God doesn’t get bored. The author of creation and creating and creativity is endlessly taking delight. Which means God isn’t bored by ’rote’ or repeated prayers. If, every day, we pray “Our Father who art in Heaven” from our hearts, with full approval from our minds before it passes our lips, He is pleased.
He also is pleased when our prayers modeled on the Lord’s Prayer add angles. When they go on tangents. Or they expand far beyond the original 5 or so sentences.
I walk my dog with her leash in one hand, her poo bag in the other, and a tangent prayer on my lips (audible if no one is around to question my sanity). Recently, I found myself asking God to keep my grandchildren from “sins that cling.”
Not sure what brought that phrase to mind, but it set me mulling on the nature of sin and its remarkable likeness to…
plastic wrap.
Some plastic wrap is cheap. Before you convince it to cling to one area, it slides off another. Undesirable in plastic wrap, but if I have my druthers with wrongdoing, sliding sin would be it.

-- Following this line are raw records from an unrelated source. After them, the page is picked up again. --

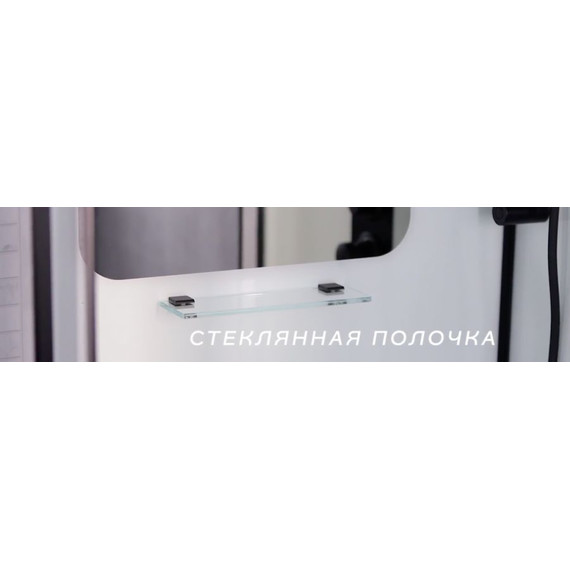 Душевая кабина Niagara Premium 69010134BLACK 90x90 см, черный/тонированное (безсиликоновая сборка) - фото, картинка 3 Душевая кабина Niagara Premium 69010134BLACK 90x90 см, черный/тонированное (безсиликоновая сборка) - фото 3
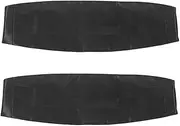 [Ipetboom] Formal Waistband for Men 2pcs Tuxedo Cummerbunds Comfortable Fit for Long Dress Tuxedos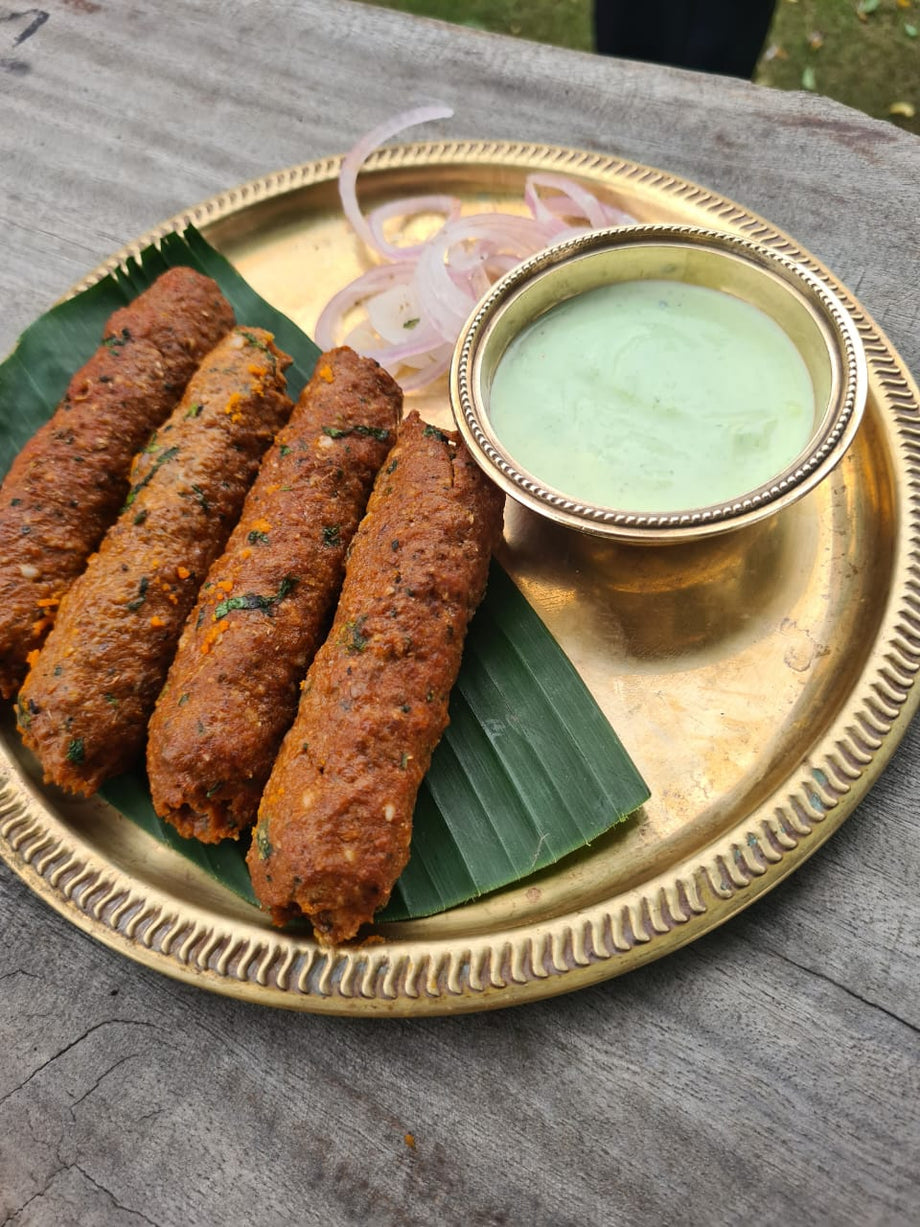 Chicken Gilafi Seekh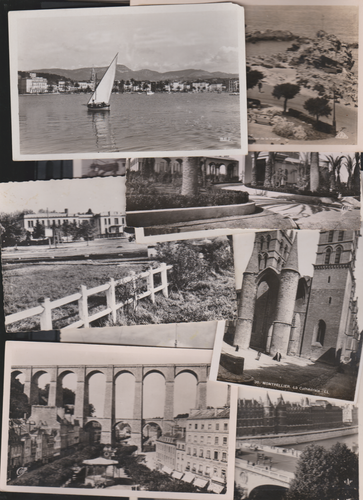 ALBUM avec 160 CPA de FRANCE Photographie Noir et Blanc - Villes et Villages - Picture 9 of 17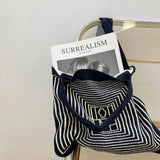 Retro Wool Knitted Large-Capacity Shoulder Bag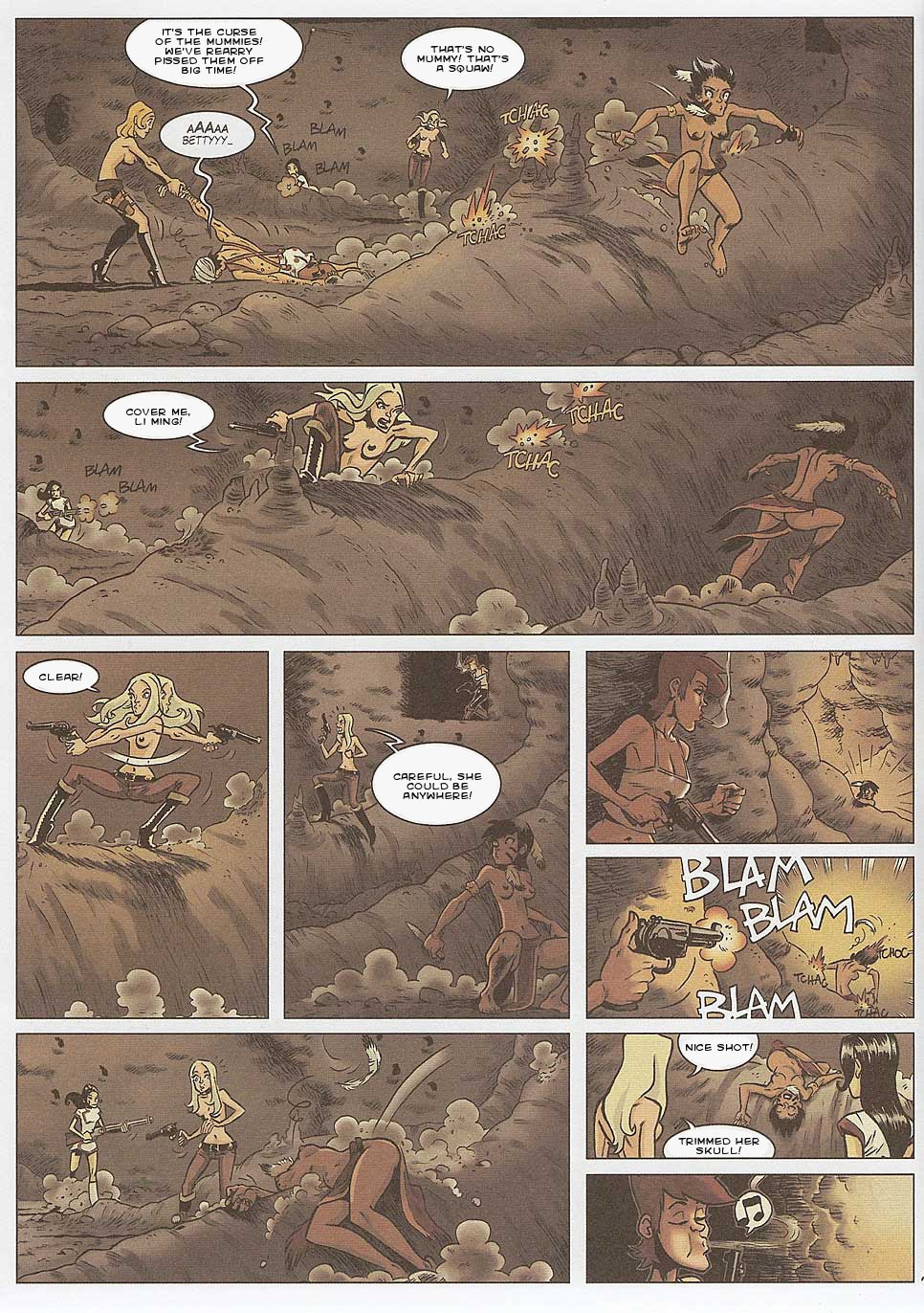 Read online Sexy Gun comic -  Issue #2 - 33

Sin that slides is the foolish kind. The careless word you immediately regret. The irritation that spills out when stress builds, and you kick the nearest piece of furniture. The choices you make when young that are foolish and soon discarded. The words you utter when old based on faulty perception, nostalgia, and anxiety about a world we can’t keep up with. Temporary vices can leave a bit of damage but seldom take root. Sin that slides is a result of a fallen world and its inhabitants who see through a glass darkly. But praise God, sliding sin doesn’t often stick. It’s flimsy and temporary and reminds us that humans are not particularly indestructible.
Sin that twists is the worst. Like a piece of plastic that gets mixed in our dough, baked in, inextricable. Sin that twists is a deep, distorting, mangling sin—so deep in some people that they either don’t recognize it, or they embrace it. Psychopaths, serial killers, those who delight in inflicting cruelty. We don’t want to dwell on twisting sin. Even thinking about it soils. Sin that twists, thanks to God’s common grace, seems to be the least common.
My walk-the-dog-and-talk-to-God request focused on protection from the clinging sins. The worldviews, the heart attitudes, the habits of the mind that seem to cover us, wrinkle us a bit, distort our perspective. Sins that cling—like habitual discontent, self-awareness so excessive, it leads to either pride or crippling lack of confidence. Sin that tends to find fault with others, excuse ourselves, sin that enjoys a ‘good’ gossip, sin that is bored with the ordinary and craves endless excitement, sin that takes such pride in being ‘blunt and outspoken’ that it misses seeing how hurtful words can be. Sin that hugs material wealth a little too closely. Judgement calls made without full understanding. And which of us fully understands? Sin that cringes or sin that bullies, sin that challenges authority continually or sin too lazy to ever question. Sin that is always impatient, sin that is ignorantly tolerant…. I’m sure I missed a few dozen.
One day all categories of sin will cease to exist, because all of them violate God’s holiness and He promises to make all things right. It will be dealt with on a permanent basis. For now, it continues to twist, slide, and cling, and for now, we pray that God will deliver us, and those we love.